The Comet takes its name from the short story of the Polish writer Bruno Shulz, but according to the programme notes it is not meant to be “a staging of the story.” Instead it is “a comment on literature, replete with endless digressions and cross references.”
In style, it harks back to the theatre of Tadeusz Kantor whose work became one of the most exciting events in the Edinburgh Festival.
A narrator sits front of stage at one of two card tables throughout the performance. In front of him is a large, ancient looking book from which he reads short extracts in English, his words for the most part being projected on to a huge back screen as members of the company perform various seemingly unconnected acts.
An imaginary electric cable is cut, plunging us into darkness; a man pulls a huge cardboard house across the stage; an old film projector is wheeled onto the stage; a group of performers wander the stage carrying stuffed or paper birds till paper rocks are thrown at them; women in black vaguely dance onto the stage waving their arms in the air and singing a wordless song.
Some of it raised a laugh but at times there was an uneasy sense of things happening that were not intended.
The show began with a man falling off a ladder that was unsupported. Later a woman acting as a clockwork doll stood atop a small table that rested on an unsecured mobile trolley that could at any moment plunge her headfirst to the stage.

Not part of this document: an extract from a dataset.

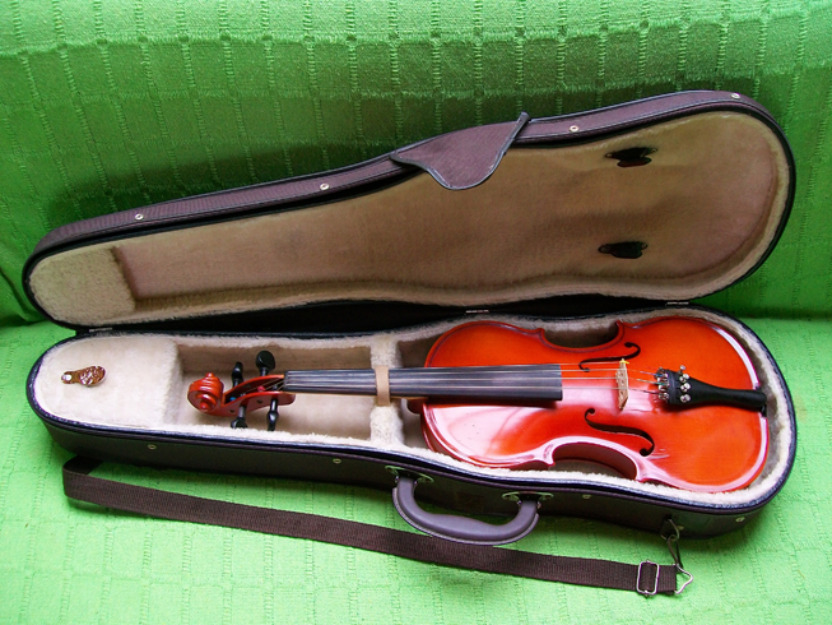 Violin mas funda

Perhaps it was all part of a rough anti-theatre, things thrown together style.
Occasionally, there was a striking image such as the slow walk across the stage of two males carrying wooden canes and dressed in thick black coats and bowler hats, the second following immediately behind a huge version of himself.
But the show seemed to lack any purpose or even a director to support the apparently random acts of the cast.
It lasted sixty minutes but there is no story, no narrative, no characters, and no apparent meaning.
There is simply a gesture to a style.
And that made the sixty minutes feel a very long time.